My ds's are 8.5 and almost 5. I also have dd in between. The boys fight unbearably, and each genuinely believes that the other is to blame. The typical pattern is that ds2 says or does something that simply "bugs" ds1, and ds1 flies off the handle and it becomes v physical. Ds2 is the rougher and the more malicious, as I think he is trying to prove that he is as big/strong/clever. Every time I hear those cries of "mummy, mummy!!!" I think, this is it, this time it will be pools of blood, or broken bones, or a punctured eyeball, or whatever. I have tried everything. I dread being alone with them, which is often as I have to family nearby and no neighbours, so basically all half-terms and holidays are hell. Anyone got any good advice?

OP posts:
colditz · 07/03/2007 18:00

i would adopt a zero tolerance approach. No matter how annoying someone is being, the first person to touch the other in a way calculated to cause pain or distress loses pocket money and that money goes to the other person.

At their age, keeping 20 pence peices in jars, then visibly putting the offenders money in the victims jar would be gall and wormwood.

Iota · 07/03/2007 18:03

personally I screech like a banshee at mine and send them to separate rooms

not that I'm recommending this, you understand

utterlyconfused · 07/03/2007 18:08

Yeah, it's the banshee method I tend to use...
I try to do zero tolerance, but it's always a bit cloudy as to who touched who first etc and then that's another whole episode.

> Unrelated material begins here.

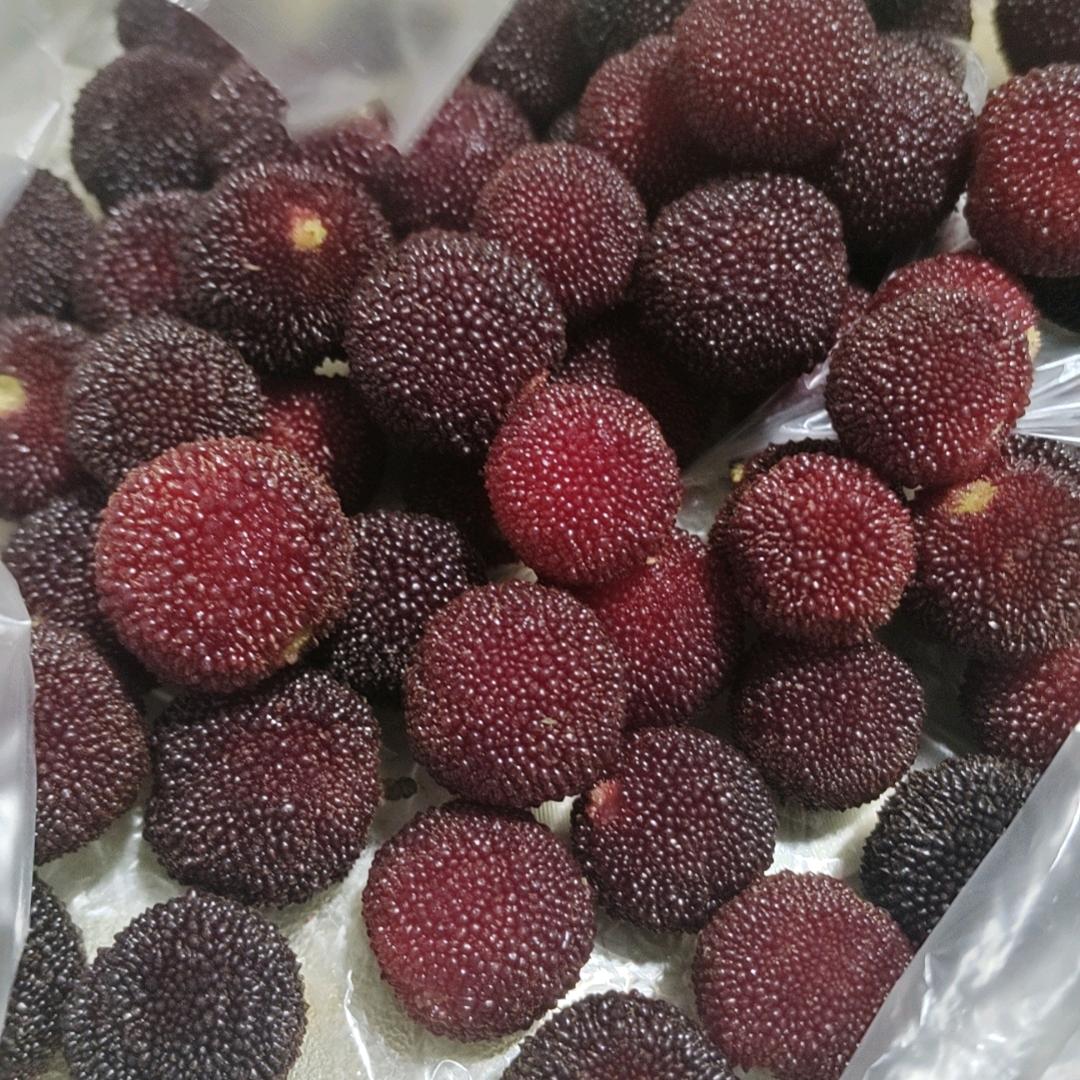 ⭐️⭐️的夜晚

So often one starts it but it really wasn't enough to react to so the other is more to blame.
Does anyone have boys who don't fight, and what do you think the key is?

OP posts:
Iota · 07/03/2007 18:13

the key for me is regular exercise - take them out - playground, swimming, soft play, walks in the woods, trips to town.

if they are in the house for too long they go stir crazy

Iota · 07/03/2007 18:13

mine are 7 and 5 BTW

Califrau · 07/03/2007 18:17

This reply has been deleted

Message withdrawn at poster's request.

Saturn74 · 07/03/2007 18:22

Zero tolerance of aggressive behaviour.
LOTS of long walks; playing outside when possible.
One to one time with each child - even if just 5 minutes every day.
Encourage different hobbies, so they can spend time at home but away from each other and occupied.
(And a few two-player PS2 games where they are both united against a common enemy work well!)